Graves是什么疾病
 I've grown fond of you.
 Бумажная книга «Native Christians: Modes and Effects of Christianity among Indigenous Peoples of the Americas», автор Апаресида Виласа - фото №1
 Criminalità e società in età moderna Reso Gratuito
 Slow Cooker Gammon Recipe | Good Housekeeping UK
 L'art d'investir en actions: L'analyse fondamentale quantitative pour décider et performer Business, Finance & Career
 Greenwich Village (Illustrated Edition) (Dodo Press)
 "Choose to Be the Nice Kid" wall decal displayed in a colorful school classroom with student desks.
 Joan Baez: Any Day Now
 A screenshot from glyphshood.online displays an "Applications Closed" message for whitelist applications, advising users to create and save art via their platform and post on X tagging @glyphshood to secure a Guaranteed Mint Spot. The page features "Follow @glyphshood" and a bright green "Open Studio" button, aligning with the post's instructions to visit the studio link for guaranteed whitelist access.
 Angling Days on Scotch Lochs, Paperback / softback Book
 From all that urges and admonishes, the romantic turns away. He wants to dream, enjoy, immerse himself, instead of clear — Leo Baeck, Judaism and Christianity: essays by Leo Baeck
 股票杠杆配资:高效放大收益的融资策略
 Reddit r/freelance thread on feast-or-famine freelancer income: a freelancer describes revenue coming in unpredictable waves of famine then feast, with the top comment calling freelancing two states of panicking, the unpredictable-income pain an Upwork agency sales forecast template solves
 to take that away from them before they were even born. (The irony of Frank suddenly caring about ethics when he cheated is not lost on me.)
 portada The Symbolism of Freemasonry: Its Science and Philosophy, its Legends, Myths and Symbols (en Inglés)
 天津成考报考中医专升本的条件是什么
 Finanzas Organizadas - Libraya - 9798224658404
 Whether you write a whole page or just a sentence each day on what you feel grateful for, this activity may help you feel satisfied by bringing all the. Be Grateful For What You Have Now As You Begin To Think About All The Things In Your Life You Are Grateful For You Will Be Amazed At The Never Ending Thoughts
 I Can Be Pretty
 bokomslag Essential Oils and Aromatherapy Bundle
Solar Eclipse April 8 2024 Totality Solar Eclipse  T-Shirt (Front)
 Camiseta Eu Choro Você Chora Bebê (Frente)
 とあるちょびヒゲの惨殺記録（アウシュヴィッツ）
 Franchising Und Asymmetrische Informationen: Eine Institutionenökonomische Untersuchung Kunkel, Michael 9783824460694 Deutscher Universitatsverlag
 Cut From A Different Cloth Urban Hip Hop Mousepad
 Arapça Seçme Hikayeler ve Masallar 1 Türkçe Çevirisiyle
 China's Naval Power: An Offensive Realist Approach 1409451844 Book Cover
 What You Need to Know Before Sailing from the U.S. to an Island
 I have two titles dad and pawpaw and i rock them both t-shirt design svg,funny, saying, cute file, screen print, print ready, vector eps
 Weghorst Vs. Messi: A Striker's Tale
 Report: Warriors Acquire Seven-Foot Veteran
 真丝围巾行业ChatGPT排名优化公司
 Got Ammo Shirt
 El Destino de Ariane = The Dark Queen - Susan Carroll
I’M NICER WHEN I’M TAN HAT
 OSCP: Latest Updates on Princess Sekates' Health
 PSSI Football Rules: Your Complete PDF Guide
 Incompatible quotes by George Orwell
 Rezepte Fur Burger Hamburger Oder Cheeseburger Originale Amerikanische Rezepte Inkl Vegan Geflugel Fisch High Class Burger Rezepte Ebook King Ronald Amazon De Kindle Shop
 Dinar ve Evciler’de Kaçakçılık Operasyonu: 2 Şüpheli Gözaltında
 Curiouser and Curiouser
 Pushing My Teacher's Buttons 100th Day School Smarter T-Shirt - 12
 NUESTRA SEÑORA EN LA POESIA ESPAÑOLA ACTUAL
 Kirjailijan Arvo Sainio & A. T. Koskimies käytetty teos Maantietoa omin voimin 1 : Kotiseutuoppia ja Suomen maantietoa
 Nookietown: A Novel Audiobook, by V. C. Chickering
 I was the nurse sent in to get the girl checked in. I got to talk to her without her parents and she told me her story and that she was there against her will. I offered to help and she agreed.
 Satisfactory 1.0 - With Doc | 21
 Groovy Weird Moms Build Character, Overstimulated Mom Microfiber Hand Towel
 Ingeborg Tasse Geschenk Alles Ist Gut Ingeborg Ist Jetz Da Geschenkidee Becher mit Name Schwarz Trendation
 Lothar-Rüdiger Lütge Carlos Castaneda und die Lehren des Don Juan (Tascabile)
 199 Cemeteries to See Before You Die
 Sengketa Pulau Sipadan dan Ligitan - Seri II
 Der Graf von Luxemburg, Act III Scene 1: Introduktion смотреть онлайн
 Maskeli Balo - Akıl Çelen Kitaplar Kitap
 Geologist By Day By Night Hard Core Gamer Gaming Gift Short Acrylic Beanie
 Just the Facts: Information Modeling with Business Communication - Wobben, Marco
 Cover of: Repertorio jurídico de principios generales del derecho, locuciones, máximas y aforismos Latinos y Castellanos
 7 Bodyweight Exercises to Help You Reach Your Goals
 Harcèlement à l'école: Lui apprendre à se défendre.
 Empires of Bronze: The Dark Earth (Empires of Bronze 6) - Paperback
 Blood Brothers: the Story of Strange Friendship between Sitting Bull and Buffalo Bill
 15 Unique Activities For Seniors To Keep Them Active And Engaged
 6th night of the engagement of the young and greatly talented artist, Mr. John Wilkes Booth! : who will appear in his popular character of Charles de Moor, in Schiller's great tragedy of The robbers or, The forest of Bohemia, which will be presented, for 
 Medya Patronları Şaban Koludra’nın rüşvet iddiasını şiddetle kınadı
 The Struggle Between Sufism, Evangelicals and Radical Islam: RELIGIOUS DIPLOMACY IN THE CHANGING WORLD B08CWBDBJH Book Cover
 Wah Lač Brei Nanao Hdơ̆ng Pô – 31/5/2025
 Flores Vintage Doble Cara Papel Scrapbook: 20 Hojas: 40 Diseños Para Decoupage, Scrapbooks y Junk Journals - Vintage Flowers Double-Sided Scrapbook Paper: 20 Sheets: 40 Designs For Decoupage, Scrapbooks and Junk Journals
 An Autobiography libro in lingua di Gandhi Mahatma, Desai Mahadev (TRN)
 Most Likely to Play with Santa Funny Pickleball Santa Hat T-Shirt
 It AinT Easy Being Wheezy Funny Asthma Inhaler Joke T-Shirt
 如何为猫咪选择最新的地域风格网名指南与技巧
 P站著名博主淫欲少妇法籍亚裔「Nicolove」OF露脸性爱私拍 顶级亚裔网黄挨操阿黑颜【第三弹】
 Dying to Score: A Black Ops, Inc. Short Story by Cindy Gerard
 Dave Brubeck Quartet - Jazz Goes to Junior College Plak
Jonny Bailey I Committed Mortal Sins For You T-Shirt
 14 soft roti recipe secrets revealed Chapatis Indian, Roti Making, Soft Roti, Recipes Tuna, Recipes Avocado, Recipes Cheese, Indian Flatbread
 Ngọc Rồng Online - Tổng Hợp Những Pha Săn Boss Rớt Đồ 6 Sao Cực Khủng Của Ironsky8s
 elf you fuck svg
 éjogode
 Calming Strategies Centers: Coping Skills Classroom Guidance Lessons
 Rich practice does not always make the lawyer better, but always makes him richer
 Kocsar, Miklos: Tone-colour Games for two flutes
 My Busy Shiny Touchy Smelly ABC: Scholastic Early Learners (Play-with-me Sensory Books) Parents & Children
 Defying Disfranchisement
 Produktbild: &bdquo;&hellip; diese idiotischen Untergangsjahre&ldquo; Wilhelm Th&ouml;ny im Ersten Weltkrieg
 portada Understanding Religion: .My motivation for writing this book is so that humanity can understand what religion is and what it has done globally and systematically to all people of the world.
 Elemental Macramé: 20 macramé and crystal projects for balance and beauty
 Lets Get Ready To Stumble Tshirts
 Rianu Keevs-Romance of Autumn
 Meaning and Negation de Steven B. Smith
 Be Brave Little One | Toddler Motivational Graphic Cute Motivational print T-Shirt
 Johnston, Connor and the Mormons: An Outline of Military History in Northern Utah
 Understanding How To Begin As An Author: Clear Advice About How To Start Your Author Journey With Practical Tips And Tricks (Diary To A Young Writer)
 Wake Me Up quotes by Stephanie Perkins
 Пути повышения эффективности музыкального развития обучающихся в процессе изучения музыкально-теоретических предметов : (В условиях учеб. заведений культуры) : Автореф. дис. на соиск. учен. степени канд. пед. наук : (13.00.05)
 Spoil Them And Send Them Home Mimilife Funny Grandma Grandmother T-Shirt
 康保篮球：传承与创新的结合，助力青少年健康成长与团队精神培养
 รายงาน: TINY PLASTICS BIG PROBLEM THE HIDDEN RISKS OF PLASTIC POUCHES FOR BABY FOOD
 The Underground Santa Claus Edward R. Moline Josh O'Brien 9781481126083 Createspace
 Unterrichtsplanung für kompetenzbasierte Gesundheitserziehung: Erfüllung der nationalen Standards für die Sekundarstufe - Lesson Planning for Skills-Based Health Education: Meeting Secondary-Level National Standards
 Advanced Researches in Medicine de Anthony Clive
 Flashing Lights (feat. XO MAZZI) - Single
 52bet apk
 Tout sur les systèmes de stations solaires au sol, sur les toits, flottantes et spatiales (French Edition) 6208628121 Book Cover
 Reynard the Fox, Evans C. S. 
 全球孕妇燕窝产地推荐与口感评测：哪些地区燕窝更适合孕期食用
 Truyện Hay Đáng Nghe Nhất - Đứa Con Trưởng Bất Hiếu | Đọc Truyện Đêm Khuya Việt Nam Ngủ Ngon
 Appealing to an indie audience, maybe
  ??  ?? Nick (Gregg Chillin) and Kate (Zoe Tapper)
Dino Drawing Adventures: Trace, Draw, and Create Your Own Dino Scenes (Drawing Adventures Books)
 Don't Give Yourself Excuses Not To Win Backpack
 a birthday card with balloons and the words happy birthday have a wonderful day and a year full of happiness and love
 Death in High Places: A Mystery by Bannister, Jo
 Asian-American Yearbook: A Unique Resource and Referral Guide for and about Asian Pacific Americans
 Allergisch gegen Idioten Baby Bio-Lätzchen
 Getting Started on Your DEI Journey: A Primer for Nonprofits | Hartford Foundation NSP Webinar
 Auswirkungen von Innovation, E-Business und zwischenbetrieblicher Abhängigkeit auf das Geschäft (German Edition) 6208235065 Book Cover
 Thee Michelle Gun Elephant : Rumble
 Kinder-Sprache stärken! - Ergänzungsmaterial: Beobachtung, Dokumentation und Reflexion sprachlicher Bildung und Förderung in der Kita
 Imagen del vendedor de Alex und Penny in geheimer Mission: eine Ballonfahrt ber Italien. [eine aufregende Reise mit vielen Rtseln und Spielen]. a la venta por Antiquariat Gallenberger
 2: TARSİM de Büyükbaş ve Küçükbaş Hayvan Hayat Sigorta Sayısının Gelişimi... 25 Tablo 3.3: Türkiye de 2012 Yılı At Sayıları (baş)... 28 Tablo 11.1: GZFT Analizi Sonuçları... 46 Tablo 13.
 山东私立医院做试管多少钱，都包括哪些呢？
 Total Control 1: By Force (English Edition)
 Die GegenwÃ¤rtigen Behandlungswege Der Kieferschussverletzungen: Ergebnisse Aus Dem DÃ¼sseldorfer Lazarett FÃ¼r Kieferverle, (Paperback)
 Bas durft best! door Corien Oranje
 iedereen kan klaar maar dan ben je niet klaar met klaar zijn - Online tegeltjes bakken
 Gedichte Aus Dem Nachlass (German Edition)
● ● ● ● ●
What the task requires: What you give back should be only the lines of the records above, starting at the line with "What You Need" and ending at the line with "Weghorst Vs. Messi: A Striker's Tale", restated word for word.

Solved exercise:
 What You Need to Know Before Sailing from the U.S. to an Island
 I have two titles dad and pawpaw and i rock them both t-shirt design svg,funny, saying, cute file, screen print, print ready, vector eps
 Weghorst Vs. Messi: A Striker's Tale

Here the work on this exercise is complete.